[cmake-developers] Experiments in CMake support for Clang (header & standard) modules

Fri Aug 24 05:35:31 EDT 2018

On 24/08/18 02:32, David Blaikie wrote:
> On Tue, Jul 24, 2018 at 3:20 PM Stephen Kelly <steveire at gmail.com 
> <mailto:steveire at gmail.com>> wrote:
>
>     David Blaikie wrote:
>
>     > (just CC'ing you Richard in case you want to read my
>     ramblings/spot any
>     > inaccuracies, etc)
>     >
>     > Excuse the delay - coming back to this a bit now. Though the varying
>     > opinions on what modules will take to integrate with build
>     system still
>     > weighs on me a bit
>
>     Can you explain what you mean by 'weighs on you'? Does that mean
>     you see it
>     as tricky now?
>
>
> Yes, to some extent. If the build system is going to require the 
> compiler-callsback-to-buildsystem that it sounds like (from 
> discussions with Richard & Nathan, etc) is reasonable - yeah, I'd say 
> that's a bigger change to the way C++ is compiled than I was 
> expecting/thinking of going into this.

Yes.

>     I've kind of been assuming that people generally think it is not
>     tricky, and
>     I'm just wrong in thinking it is and I'll eventually see how it is
>     all
>     manageable.
>
>
> I think it's manageable - the thing that weighs on me, I suppose, is 
> whether or not the community at large will "buy" it, as such.

Yes, that has been my point since I first started talking about modules. 
I don't think modules will gain a critical mass of adoption as currently 
designed (and as currently designed to work with buildsystems).

> And part of that is on the work we're doing to figure out the 
> integration with build systems, etc, so that there's at least the 
> first few pieces of support that might help gain user adoption to 
> justify/encourage/provide work on further support, etc...

Yes, reading the document Nathan sent us on June 12th this year, it 
seems that CMake would have to implement a server mode so that the 
compiler will invoke it with RPC. That server will also need to consume 
some data generated by CMake during buildsystem generation (eg user 
specified flags) and put that together with information sent by the 
compiler (eg ) in order to formulate a response. It's complex. Maybe 
CMake and other buildsystem generators can do it, but there are many 
bespoke systems out there which would have to have some way to justify 
the cost of developing such a thing.

>     > The build.sh script shows the commands required to build it
>     (though I
>     > haven't checked the exact fmodule-file dependencies to check
>     that they're
>     > all necessary, etc) - and with current Clang top-of-tree it does
>     build and
>     > run the example dinnerparty program.
>
>     Ok.
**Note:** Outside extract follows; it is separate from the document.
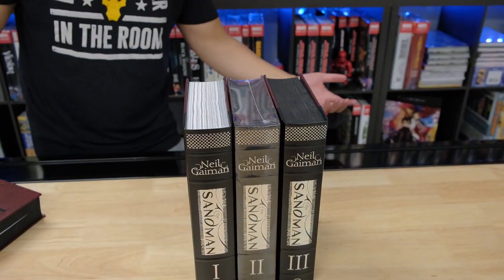The only thing is Volume 1 is gonna have white pages, so hopefully you guys are okay with that. If not, we can't really do anything about it — don't blame the messenger. Hope you guys enjoy this video, we'll see you in the next one.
I tried with my several-weeks-old checkout and it failed on
>     the first
>     command with -modules-ts in it (for AbstractFruit.cppm - the
>     simplest one).
>
>     I'll update my build and try again, but that will take some time.
>
>
> Huh - I mean it's certainly a moving target - I had to file/workaround 
> a few bugs to get it working as much as it is, so not /too/ 
> surprising. Did you get it working in the end? If not, could you 
> specify the exact revision your compiler's at and show the complete 
> output?

Yes, I got it working. See

  https://www.mail-archive.com/cmake-developers@cmake.org/msg18623.html

>     > But I'm not sure how best to determine the order in which to
>     build files within a library - that's where the sort of -MM-esque
>     stuff, etc, would be
>     > necessary.
>
>     Would it? I thought the -MM stuff would mostly be necessary for
>     determining
>     when to rebuild? Don't we need to determine the build order before
>     the first
>     build of anything? The -MM stuff doesn't help that.
>
>
> -MM produces output separate from the compilation (so far as I can 
> tell - clang++ -MM x.cpp doesn't produce anything other than the 
> makefile fragment on stdout) & finds all the headers, etc. So that's 
> basically the same as what we'd need here

Are you sure? I thought compiling with -MM gives us information that we 
need before we compile the first time. Sorry if that was not clear from 
what I wrote above. I see a chicken-egg problem. However, I assume I'm 
just misunderstanding you (you said that -MM would be used to determine 
build order for the initial build) so let's just drop this.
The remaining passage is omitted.